[Stored dataset items]
-------

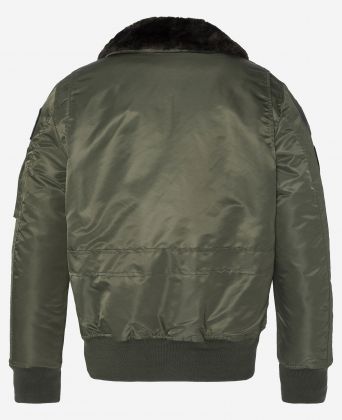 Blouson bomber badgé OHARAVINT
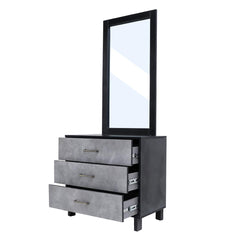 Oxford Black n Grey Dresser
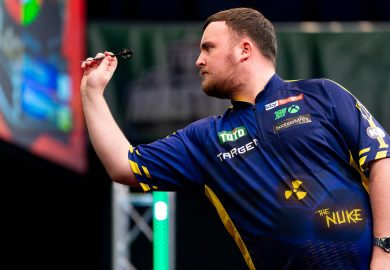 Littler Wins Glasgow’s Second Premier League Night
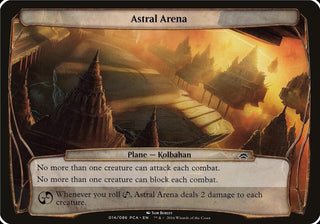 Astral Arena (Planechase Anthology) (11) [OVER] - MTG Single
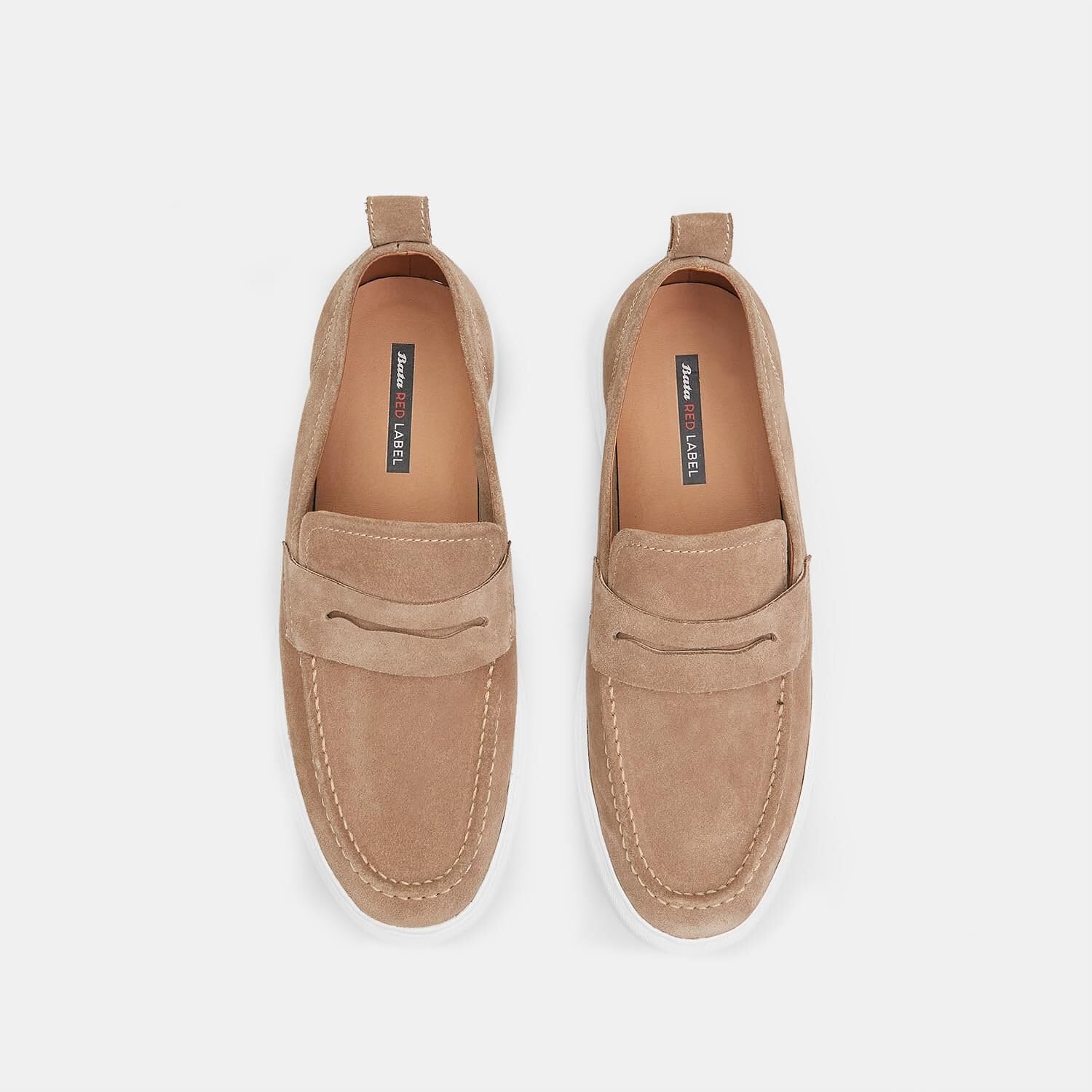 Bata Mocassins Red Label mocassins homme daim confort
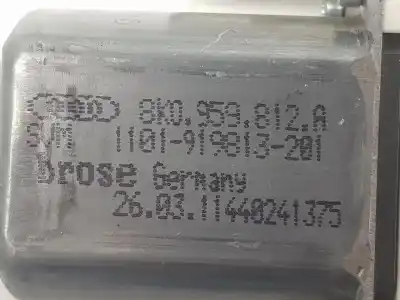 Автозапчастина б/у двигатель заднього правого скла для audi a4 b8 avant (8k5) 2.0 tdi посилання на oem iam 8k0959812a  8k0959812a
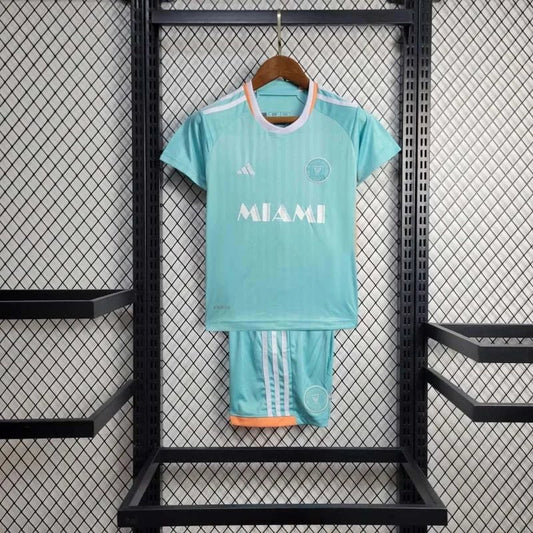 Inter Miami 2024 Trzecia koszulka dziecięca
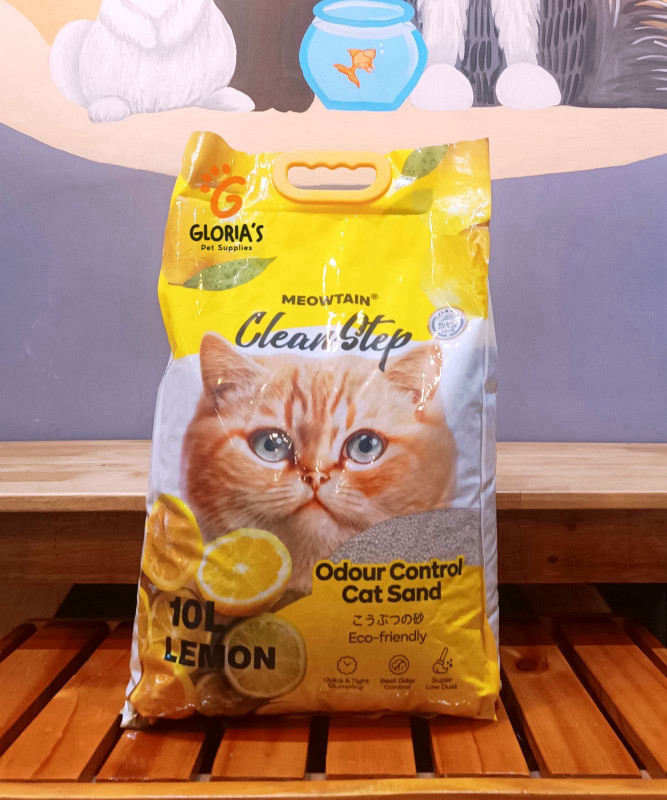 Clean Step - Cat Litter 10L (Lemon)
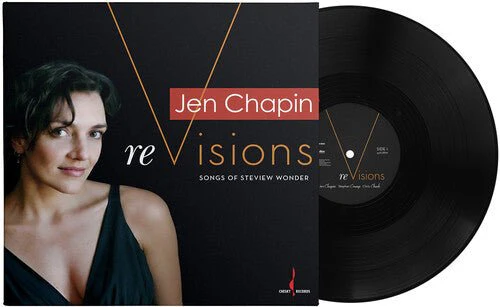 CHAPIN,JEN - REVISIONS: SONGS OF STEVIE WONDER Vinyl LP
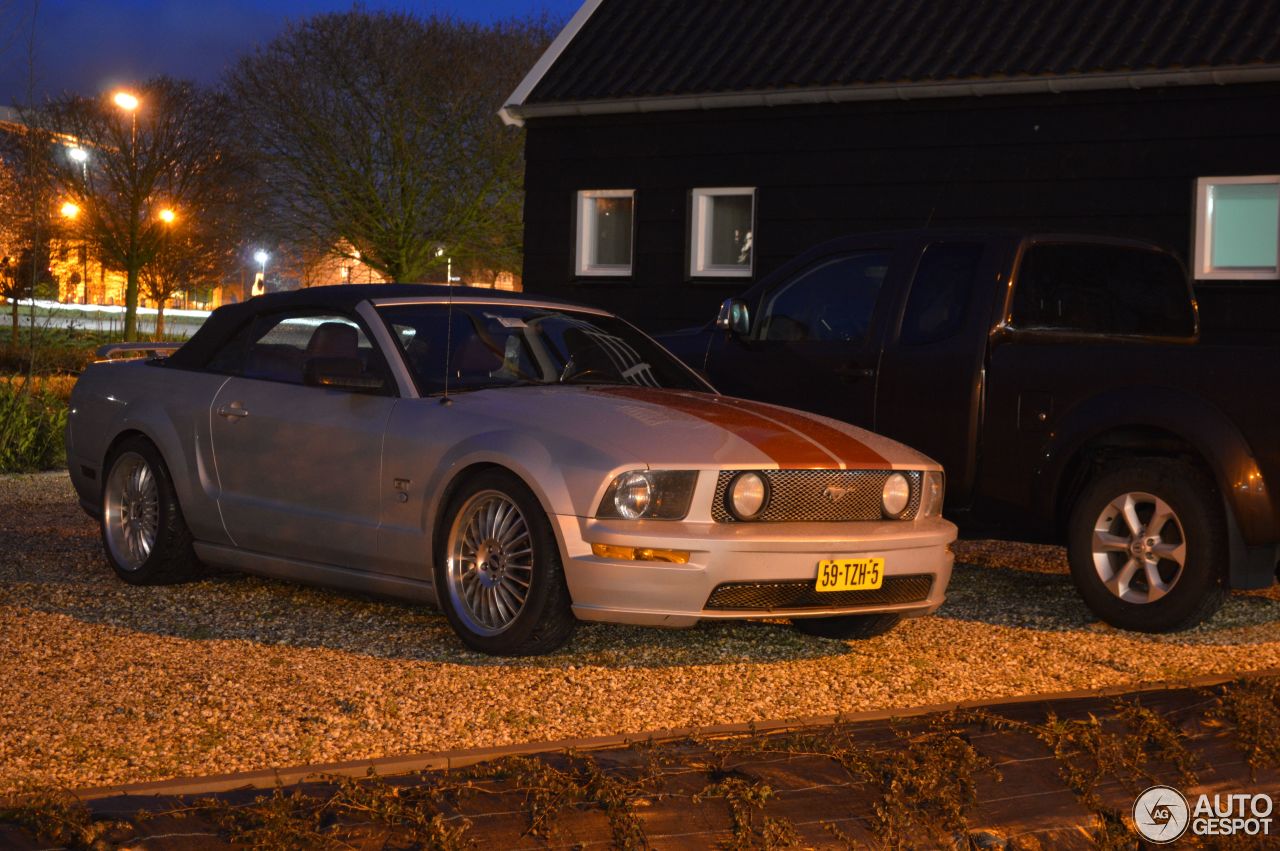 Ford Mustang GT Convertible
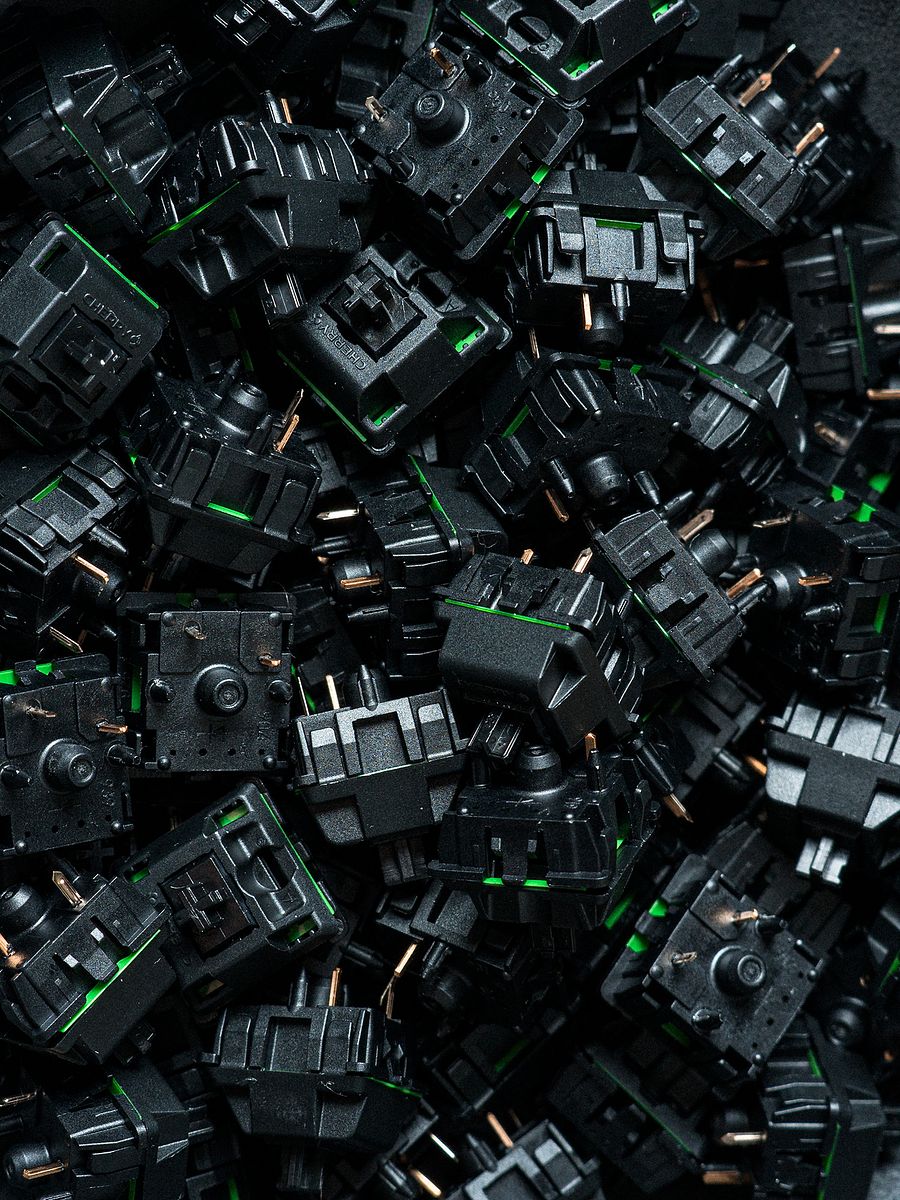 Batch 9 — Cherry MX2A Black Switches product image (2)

-------

**Directions for this task:**
Exact copy, no pictures: please print every record above as written.

**Expected answer:**
 Blouson bomber badgé OHARAVINT
 Oxford Black n Grey Dresser
 Littler Wins Glasgow’s Second Premier League Night
 Astral Arena (Planechase Anthology) (11) [OVER] - MTG Single
 Bata Mocassins Red Label mocassins homme daim confort
 Автозапчастина б/у двигатель заднього правого скла для audi a4 b8 avant (8k5) 2.0 tdi посилання на oem iam 8k0959812a  8k0959812a
 Inter Miami 2024 Trzecia koszulka dziecięca
 Clean Step - Cat Litter 10L (Lemon)
 CHAPIN,JEN - REVISIONS: SONGS OF STEVIE WONDER Vinyl LP
 Ford Mustang GT Convertible
 Batch 9 — Cherry MX2A Black Switches product image (2)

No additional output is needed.